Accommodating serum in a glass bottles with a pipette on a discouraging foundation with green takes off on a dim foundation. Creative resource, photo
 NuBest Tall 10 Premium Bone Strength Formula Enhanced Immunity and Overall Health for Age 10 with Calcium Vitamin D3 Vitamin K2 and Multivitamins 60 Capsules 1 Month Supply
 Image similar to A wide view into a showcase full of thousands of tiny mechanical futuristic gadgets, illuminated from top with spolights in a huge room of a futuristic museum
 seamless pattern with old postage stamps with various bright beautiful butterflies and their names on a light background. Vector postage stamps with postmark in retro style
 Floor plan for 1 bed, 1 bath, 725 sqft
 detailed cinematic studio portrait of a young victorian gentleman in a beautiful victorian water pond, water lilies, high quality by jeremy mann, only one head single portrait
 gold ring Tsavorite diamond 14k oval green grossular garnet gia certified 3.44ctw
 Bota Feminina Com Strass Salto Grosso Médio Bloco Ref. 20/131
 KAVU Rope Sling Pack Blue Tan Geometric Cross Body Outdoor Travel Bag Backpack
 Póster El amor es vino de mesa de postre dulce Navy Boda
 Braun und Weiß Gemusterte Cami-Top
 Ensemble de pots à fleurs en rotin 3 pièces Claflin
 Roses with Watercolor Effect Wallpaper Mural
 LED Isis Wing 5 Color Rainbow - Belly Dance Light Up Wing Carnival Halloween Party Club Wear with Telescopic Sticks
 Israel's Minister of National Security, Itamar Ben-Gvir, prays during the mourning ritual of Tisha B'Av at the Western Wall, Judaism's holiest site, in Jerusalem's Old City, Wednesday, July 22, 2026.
****************
EXERCISE OBJECTIVE:
Look through the entries and return every line where "green" appears.

RESULT FOR THIS TASK:
Accommodating serum in a glass bottles with a pipette on a discouraging foundation with green takes off on a dim foundation. Creative resource, photo
 gold ring Tsavorite diamond 14k oval green grossular garnet gia certified 3.44ctw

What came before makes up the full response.